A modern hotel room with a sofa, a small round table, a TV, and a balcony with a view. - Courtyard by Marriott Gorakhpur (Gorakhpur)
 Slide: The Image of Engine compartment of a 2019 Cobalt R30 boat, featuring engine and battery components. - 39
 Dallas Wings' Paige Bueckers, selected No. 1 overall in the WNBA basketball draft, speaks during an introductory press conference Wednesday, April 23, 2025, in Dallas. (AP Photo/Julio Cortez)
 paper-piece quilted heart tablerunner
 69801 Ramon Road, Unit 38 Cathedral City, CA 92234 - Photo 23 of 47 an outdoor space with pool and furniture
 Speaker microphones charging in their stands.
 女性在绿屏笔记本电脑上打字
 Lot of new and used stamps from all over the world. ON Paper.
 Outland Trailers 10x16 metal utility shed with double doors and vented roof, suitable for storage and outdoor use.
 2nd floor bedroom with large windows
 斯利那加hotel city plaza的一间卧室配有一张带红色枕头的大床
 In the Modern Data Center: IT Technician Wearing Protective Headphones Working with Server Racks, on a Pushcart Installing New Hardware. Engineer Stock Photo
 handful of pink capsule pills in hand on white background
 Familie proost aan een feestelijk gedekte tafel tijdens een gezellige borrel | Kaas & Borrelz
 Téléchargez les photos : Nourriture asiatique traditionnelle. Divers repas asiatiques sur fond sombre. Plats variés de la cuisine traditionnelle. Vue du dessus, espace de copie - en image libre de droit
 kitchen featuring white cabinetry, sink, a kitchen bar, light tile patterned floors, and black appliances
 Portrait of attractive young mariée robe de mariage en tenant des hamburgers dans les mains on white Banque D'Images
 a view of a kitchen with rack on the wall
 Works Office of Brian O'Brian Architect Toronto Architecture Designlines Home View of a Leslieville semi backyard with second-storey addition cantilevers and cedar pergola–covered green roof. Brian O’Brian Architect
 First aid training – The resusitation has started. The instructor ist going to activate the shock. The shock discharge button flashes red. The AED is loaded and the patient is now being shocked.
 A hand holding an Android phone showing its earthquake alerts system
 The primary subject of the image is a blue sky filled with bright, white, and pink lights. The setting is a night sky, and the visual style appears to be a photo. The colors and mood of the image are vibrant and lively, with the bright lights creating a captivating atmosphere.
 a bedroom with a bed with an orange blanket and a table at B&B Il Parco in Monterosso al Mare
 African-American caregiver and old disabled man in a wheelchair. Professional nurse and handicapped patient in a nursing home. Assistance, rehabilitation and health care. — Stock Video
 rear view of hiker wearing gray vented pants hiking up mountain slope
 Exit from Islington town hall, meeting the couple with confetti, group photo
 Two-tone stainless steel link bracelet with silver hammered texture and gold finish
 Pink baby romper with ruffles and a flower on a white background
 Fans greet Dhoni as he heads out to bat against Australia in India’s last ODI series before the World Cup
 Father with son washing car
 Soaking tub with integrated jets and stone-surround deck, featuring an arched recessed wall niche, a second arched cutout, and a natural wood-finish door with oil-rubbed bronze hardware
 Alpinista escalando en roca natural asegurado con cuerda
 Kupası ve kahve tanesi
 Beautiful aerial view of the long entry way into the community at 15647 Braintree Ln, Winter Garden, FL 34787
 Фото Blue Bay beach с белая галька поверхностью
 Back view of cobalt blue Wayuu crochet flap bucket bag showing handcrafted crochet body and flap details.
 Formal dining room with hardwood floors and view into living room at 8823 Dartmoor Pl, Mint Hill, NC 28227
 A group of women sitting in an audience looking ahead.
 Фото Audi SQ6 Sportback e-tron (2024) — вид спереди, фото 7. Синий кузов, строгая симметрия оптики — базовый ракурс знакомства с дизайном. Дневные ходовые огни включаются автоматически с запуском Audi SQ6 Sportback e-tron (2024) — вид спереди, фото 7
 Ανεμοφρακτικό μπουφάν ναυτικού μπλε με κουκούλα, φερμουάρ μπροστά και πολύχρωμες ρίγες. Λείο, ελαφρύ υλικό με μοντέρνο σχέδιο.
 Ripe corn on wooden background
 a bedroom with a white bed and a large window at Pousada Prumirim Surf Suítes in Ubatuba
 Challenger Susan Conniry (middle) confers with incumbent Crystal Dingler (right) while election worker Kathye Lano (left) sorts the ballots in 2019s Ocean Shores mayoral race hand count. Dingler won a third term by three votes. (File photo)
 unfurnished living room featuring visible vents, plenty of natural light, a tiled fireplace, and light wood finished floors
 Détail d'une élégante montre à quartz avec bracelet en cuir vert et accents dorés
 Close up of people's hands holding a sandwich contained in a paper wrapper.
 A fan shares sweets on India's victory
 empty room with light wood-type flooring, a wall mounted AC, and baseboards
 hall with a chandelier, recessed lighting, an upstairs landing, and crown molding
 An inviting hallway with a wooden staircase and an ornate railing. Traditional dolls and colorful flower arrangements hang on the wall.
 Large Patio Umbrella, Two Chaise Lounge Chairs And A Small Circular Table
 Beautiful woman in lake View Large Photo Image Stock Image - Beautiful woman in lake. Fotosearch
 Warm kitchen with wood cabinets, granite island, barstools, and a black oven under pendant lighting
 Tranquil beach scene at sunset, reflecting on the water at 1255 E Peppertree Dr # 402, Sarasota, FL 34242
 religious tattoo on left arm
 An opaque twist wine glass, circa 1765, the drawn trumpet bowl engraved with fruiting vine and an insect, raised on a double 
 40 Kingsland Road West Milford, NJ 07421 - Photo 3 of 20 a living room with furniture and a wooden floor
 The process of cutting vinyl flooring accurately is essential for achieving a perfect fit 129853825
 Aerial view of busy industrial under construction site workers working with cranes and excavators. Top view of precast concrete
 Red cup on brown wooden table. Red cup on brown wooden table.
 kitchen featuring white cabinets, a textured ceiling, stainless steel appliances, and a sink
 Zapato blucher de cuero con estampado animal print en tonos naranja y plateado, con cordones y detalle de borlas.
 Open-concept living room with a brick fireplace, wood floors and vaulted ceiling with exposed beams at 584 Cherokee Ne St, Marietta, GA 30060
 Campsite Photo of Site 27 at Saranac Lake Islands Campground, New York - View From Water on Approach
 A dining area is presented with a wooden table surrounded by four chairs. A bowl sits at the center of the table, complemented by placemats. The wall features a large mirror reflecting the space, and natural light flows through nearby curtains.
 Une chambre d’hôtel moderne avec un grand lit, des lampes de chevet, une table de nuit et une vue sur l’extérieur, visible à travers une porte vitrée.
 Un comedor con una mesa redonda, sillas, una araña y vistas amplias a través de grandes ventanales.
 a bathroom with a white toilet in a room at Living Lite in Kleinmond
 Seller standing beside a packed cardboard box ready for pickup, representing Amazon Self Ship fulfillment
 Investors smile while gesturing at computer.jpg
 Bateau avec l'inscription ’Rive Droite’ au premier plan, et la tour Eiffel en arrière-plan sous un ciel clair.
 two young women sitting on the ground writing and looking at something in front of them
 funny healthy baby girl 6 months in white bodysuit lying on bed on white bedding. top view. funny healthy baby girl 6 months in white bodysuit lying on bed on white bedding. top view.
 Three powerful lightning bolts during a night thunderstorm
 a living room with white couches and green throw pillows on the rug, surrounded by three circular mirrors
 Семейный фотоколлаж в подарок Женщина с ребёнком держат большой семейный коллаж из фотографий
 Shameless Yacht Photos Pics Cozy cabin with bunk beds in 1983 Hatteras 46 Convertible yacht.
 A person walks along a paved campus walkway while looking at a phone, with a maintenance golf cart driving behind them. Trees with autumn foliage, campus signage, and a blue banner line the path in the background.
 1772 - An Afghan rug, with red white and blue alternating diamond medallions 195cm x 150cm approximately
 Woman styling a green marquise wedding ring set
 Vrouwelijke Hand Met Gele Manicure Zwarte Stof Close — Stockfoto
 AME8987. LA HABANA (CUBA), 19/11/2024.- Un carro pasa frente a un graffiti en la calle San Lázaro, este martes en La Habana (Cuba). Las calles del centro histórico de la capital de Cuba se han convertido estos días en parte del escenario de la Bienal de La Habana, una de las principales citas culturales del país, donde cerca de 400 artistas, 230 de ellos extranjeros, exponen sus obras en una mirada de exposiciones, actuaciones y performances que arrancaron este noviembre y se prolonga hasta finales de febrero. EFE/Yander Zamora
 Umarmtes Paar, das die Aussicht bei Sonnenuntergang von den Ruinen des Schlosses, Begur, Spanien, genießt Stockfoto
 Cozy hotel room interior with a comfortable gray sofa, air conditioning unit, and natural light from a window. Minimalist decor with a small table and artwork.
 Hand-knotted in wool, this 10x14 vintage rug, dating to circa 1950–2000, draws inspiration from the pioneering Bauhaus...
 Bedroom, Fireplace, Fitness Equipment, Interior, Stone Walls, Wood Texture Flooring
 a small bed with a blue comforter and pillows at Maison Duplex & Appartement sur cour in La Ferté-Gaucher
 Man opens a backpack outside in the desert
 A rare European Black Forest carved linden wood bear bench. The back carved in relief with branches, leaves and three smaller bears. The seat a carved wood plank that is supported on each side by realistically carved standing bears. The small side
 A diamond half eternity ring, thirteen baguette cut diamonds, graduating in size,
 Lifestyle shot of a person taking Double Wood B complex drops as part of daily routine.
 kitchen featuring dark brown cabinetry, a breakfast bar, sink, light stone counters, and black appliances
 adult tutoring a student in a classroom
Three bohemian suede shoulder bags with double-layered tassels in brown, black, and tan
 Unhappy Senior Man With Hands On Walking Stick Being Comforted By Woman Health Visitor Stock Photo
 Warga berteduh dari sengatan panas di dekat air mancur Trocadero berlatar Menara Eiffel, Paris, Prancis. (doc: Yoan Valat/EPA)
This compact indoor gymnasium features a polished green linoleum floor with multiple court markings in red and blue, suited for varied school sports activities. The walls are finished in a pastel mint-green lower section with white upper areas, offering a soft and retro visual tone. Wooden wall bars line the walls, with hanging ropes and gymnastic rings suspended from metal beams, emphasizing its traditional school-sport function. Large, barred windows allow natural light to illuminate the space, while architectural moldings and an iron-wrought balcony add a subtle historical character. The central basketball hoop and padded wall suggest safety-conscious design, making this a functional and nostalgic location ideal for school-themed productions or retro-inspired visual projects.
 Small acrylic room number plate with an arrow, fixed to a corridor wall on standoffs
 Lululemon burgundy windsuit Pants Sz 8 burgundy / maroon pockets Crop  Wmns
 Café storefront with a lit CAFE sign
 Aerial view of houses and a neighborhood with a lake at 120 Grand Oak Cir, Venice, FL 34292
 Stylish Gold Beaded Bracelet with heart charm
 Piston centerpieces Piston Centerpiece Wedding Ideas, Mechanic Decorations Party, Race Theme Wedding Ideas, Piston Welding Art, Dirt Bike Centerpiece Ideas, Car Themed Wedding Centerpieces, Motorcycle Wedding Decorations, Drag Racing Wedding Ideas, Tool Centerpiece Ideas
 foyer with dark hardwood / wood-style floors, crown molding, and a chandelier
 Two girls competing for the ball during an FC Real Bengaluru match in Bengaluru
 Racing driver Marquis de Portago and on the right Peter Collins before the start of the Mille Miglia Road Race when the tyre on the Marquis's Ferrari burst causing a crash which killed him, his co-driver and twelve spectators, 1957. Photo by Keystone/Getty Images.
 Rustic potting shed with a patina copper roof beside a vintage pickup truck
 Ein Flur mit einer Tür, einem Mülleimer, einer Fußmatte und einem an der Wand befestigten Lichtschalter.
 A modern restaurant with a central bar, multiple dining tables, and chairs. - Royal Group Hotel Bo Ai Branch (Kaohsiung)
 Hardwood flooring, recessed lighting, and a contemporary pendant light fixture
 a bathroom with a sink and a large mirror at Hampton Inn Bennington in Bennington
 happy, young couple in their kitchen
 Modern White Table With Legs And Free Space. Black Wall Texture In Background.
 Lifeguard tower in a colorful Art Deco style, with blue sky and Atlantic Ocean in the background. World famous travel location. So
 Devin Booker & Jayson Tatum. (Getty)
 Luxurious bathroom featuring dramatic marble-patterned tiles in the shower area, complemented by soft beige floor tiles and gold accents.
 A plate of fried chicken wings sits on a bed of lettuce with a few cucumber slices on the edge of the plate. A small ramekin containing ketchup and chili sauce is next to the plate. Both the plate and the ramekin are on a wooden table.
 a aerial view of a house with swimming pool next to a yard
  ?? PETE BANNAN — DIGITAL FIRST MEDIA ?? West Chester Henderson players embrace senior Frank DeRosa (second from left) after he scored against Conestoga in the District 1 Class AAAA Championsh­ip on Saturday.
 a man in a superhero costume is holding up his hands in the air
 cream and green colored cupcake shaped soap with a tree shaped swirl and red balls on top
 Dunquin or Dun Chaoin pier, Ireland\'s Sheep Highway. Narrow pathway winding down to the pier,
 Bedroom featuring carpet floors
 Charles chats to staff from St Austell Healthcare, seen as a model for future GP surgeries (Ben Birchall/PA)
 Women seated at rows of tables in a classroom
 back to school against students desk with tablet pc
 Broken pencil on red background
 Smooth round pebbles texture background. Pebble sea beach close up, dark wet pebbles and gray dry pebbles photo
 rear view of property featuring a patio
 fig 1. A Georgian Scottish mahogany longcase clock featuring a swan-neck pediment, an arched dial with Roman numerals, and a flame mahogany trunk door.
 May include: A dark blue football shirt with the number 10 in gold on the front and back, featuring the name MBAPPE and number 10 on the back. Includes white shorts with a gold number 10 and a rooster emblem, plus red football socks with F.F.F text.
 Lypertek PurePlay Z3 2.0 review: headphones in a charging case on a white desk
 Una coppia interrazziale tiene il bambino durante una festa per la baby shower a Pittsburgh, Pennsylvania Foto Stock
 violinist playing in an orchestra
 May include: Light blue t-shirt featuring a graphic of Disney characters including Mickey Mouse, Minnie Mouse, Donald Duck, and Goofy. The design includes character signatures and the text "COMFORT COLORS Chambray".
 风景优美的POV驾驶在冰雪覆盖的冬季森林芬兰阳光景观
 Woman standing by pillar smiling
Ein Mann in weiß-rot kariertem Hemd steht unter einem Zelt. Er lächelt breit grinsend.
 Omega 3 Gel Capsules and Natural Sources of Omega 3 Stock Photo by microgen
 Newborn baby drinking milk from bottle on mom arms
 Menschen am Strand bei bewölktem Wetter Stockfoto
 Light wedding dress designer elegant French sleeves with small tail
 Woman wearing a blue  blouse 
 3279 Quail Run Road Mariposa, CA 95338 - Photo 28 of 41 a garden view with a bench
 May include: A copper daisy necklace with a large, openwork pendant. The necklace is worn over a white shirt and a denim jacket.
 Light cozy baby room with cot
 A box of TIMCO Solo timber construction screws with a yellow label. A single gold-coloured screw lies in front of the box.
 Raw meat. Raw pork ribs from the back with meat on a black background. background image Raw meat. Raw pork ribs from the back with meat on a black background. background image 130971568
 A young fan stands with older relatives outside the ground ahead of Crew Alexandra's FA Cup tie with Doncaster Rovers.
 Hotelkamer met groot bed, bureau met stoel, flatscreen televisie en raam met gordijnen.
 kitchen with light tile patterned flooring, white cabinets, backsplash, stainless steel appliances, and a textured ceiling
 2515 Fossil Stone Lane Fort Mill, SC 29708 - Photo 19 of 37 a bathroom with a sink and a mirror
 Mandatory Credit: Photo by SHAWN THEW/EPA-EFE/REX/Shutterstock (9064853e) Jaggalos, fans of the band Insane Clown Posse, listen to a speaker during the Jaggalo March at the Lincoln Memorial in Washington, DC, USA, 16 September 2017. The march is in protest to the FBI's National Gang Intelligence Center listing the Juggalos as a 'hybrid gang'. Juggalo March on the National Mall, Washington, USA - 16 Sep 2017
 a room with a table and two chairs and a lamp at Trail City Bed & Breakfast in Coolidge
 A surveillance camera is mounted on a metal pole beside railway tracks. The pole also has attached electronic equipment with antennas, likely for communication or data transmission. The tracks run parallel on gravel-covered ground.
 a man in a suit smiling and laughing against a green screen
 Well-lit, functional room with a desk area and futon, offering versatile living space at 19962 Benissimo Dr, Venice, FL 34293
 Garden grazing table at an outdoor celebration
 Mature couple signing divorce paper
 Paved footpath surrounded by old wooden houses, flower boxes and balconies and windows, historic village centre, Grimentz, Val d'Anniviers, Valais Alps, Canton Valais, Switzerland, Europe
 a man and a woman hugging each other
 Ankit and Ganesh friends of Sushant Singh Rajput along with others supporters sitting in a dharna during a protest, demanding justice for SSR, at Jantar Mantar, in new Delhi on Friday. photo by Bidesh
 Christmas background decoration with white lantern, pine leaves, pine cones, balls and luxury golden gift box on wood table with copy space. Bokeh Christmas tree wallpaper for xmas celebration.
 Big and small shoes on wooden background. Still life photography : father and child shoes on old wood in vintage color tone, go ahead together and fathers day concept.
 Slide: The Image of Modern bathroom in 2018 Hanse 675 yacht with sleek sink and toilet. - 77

----------

#### [YOUR ASSIGNMENT]
In your reply, restate exactly the lines from the start of the records above through the line holding "Dallas Wings' Paige", including both, and nothing else.

#### [RESPONSE BELOW]
A modern hotel room with a sofa, a small round table, a TV, and a balcony with a view. - Courtyard by Marriott Gorakhpur (Gorakhpur)
 Slide: The Image of Engine compartment of a 2019 Cobalt R30 boat, featuring engine and battery components. - 39
 Dallas Wings' Paige Bueckers, selected No. 1 overall in the WNBA basketball draft, speaks during an introductory press conference Wednesday, April 23, 2025, in Dallas. (AP Photo/Julio Cortez)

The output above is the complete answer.